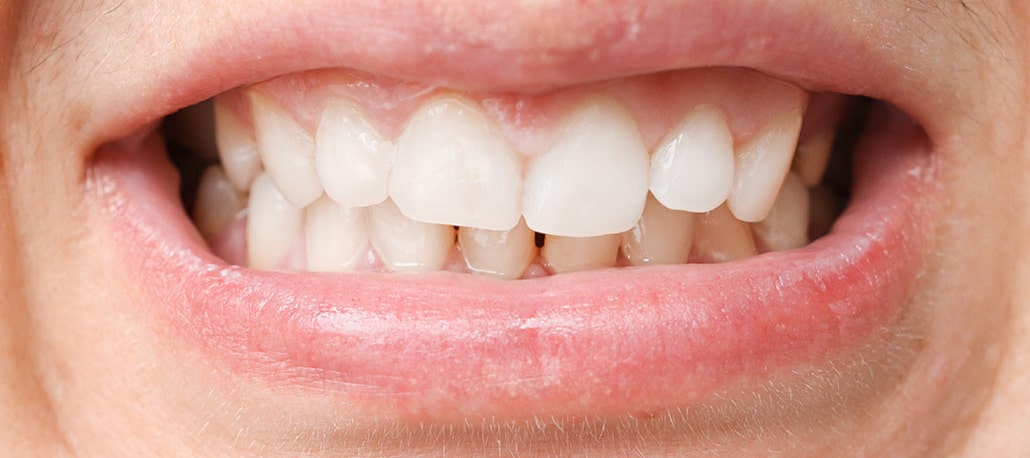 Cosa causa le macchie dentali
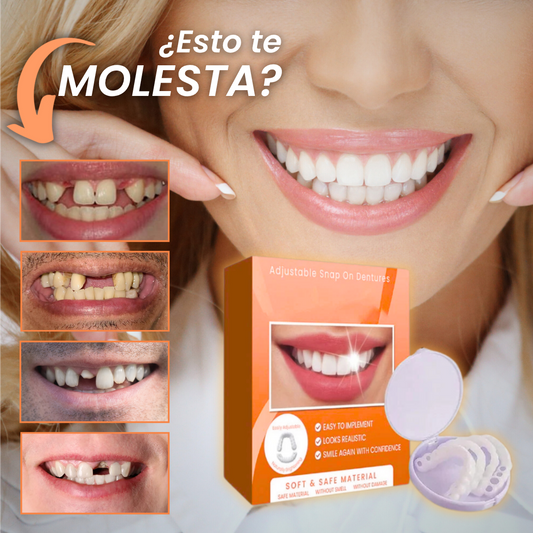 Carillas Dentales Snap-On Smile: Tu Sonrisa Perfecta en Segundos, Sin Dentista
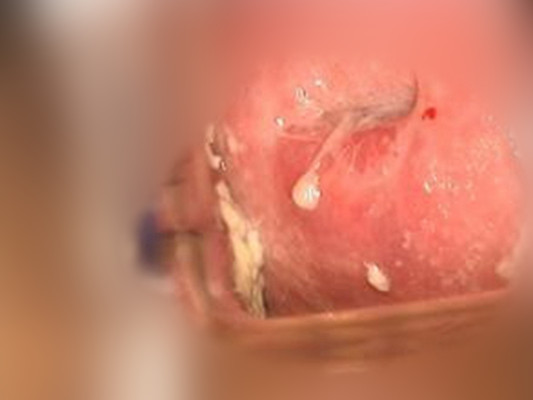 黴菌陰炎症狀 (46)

* * *

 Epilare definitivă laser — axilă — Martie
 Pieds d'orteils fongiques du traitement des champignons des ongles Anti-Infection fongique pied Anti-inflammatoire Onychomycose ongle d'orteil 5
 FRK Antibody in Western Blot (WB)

* _Exercise description_:
Using the entries above, reproduce word for word only the lines from the one that contains "Carillas Dentales Snap-On" to the one that contains "黴菌陰炎症狀 (46)", both ends included, and drop every picture.

* _Problem solution_:
 Carillas Dentales Snap-On Smile: Tu Sonrisa Perfecta en Segundos, Sin Dentista
 黴菌陰炎症狀 (46)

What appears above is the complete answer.